Here, I choose the Metallic Pantone Color 871c on my color-guide to be the golden color.
To create this spot color within your document go to Swatch Libraries menu at the bottom left of your color window. This opens different color sets. You can find the Pantone Colors at 'Color Books'. 871c is a metallic color so I choose 'Pantone+ Metallic Coated'.
Note: Coated and Uncoated describes the paper surface.
Enter the name of the color into the search field and add it to the color swatch window by double clicking on the swatch. Now, select the golden part and pick the Pantone color swatch. (As I mentioned earlier, the screen colors vary extremely from the original color value.)
That's it basically ;)
Now, let's have a closer look on how to export our final file. (I returned to my basic colors here). First make sure that your design is placed on our Artboard (more about Artboards here: Work with artboards). Here I deactivate the background layer on the first picture to show the border of my Artboard.
To save your file go to File –> Save As. Before saving you can select the required file type. Different applications require different file types. Here I choose PDF to export for printing.
Some of you were asking how to save a design with transparent background. So let's have a closer look on this. First, deactivate the background layer again as your exported file should have no background ;)
Then choose Export –> Export As...
When you click on Format you can see a big variety of file types. I choose PNG because this format allows me to save images without a background color. This is different from the common format JPG for example which automatically would add a white background to our image. When you click Export it shows you some options for resolution. Make sure to select 'Transparent' before you save it. Now we've created a transparent image with no background color.
You may have already seen the other two options 'Export for screens' and 'Export for Web'. 'Export for screens' is great if you want to export multiple artboards at once and it has some other helpful features.

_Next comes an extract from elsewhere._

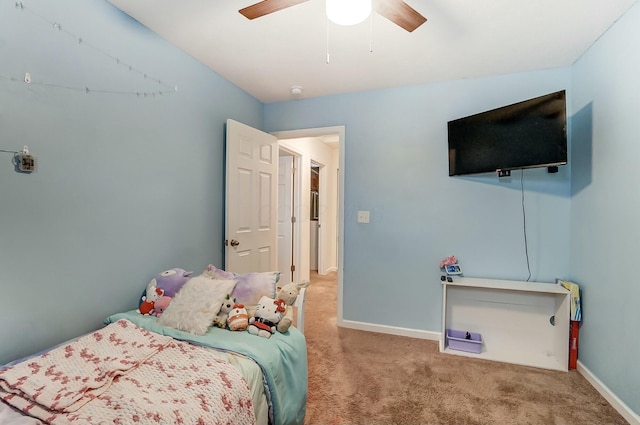 carpeted bedroom with baseboards and a ceiling fan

'Export for Web' – as the name suggests – is used to save our design for web purposes. I use this export option a lot because it allows to resize the image and you can also choose between file types like JPG, PNG and GIF.
Thank you very much for following this tutorial and of course, if you have any questions or feedback, please comment below and I'm happy to help.
Check the other parts of this tutorial here:
PART 01 - ORNATE LOGO DESIGN, GETTING STARTED
PART 02 - ORNATE LOGO DESIGN, ADDING ORNAMENTS
PART 03 - ORNATE LOGO DESIGN, FINE TUNING
PART 04 - ORNATE LOGO DESIGN, FINAL FILE PREPARATION
PART 05 - ORNATE LOGO DESIGN, COLORS AND EXPORTING FILES
This is so good, I like that you went the extra mile to show how to prepare for printing and export. I think the only hard part is having the talent to make a nice initial sketch. Even though it’s not fleshed out it’s a nice balanced design. You can already see the rest is going to turn out well from that starting point.
I was astounded when I cam across HTC’s ad of Facebook and knew I’d have to buy it in a heartbeat, which I did.
I was shocked by the amount and quality of the package I purchased. And to find your template files with non-outlined content inside made it extra worthy. And, to boot, full tutorials on the process of creating these wonderful designs.
I straight away headed to the comprehensive tutorial to see if I could somewhat recreate the Black Tiger logo in my company’s name. It was a cinch! and, more importantly, so much fun.
Thank you Tobias, you’re a trailblazer in the retention of bygone design. I’m in 100% for a revolution! Let’s bring it back.
Here’s my attempt: https://www.dropbox.com/s/4xn4ggahd2tn20g/GKSC.gif?dl=0
Thank you so much for this! A really helpful and in-depth tutorial, and of course your work is beautiful.
Thanks for a thorough and clear tutorial. Though I didn’t need to reference it (this time) props for cross-referencing to Adobe tutorials and other background info. Those that need the background can get it easily, yet it saves the main topic from clutter and detail overkill. Lovely products!